Problem requirements:
Shown below are entries with pictures; the line with "A Pair of Silver" through the line with "Maxifi Master Pre-Spray" is the span to retype exactly, and the pictures stay out.

Recorded information:

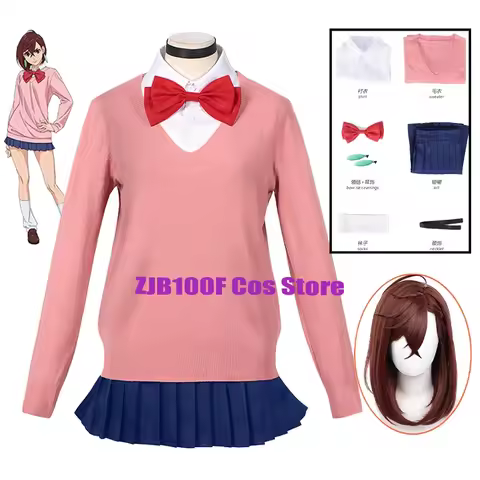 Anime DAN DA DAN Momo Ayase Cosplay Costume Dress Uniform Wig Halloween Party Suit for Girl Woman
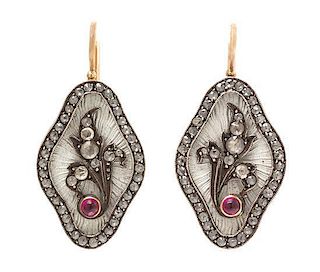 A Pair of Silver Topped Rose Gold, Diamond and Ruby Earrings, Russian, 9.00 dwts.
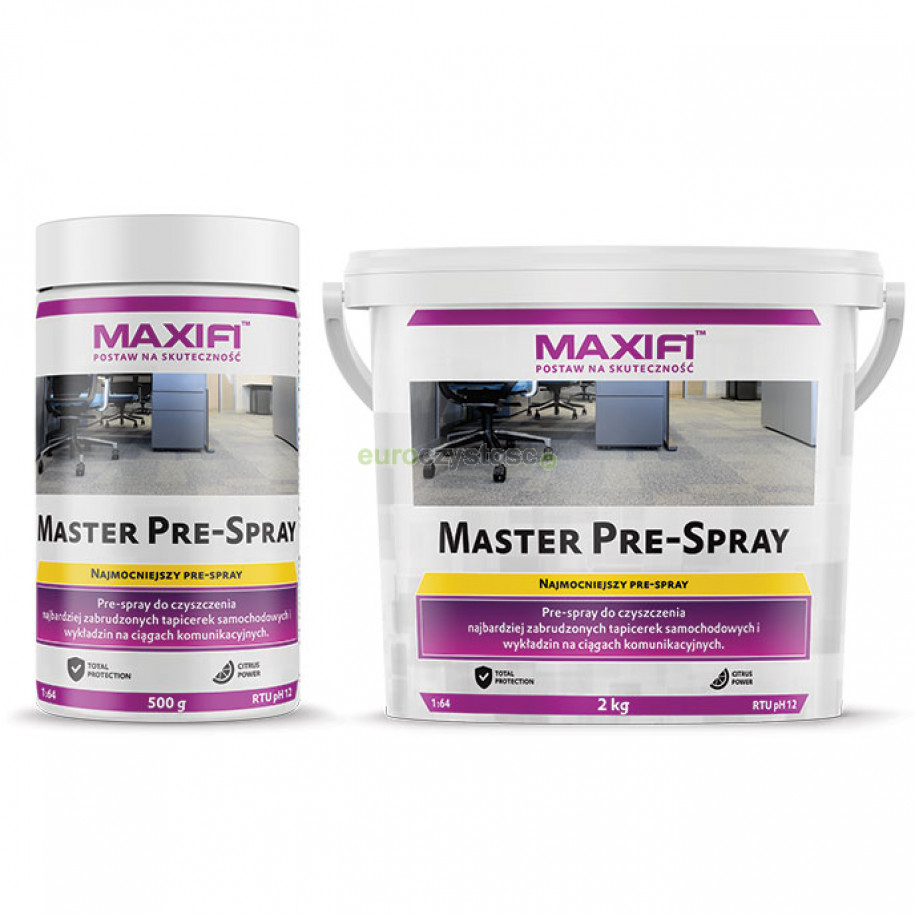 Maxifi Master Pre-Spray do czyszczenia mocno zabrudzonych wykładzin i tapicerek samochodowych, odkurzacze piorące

---

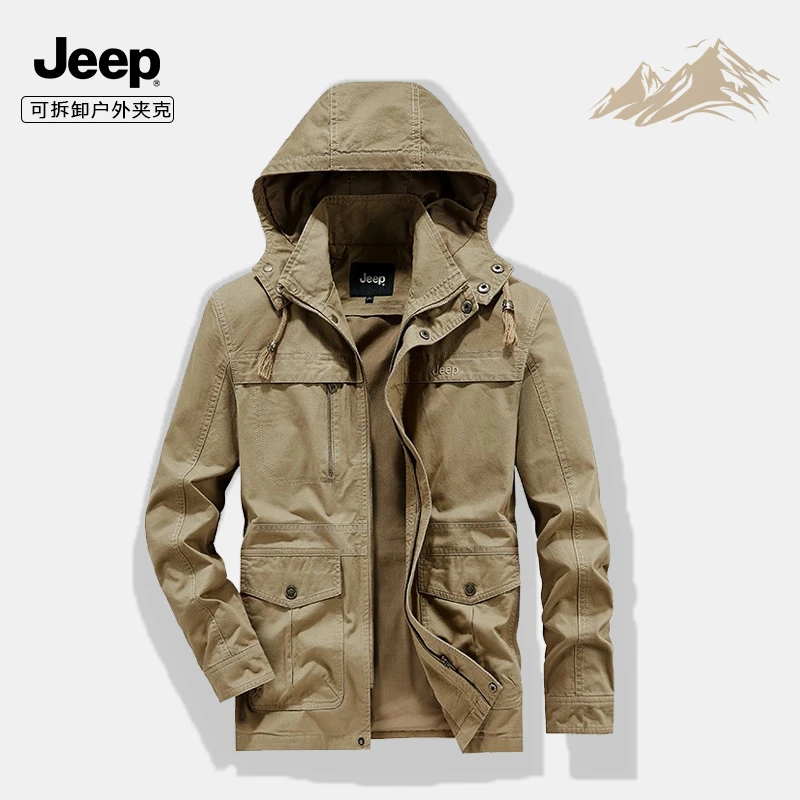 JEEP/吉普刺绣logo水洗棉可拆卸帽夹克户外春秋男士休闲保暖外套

Result below:
 A Pair of Silver Topped Rose Gold, Diamond and Ruby Earrings, Russian, 9.00 dwts.
 Maxifi Master Pre-Spray do czyszczenia mocno zabrudzonych wykładzin i tapicerek samochodowych, odkurzacze piorące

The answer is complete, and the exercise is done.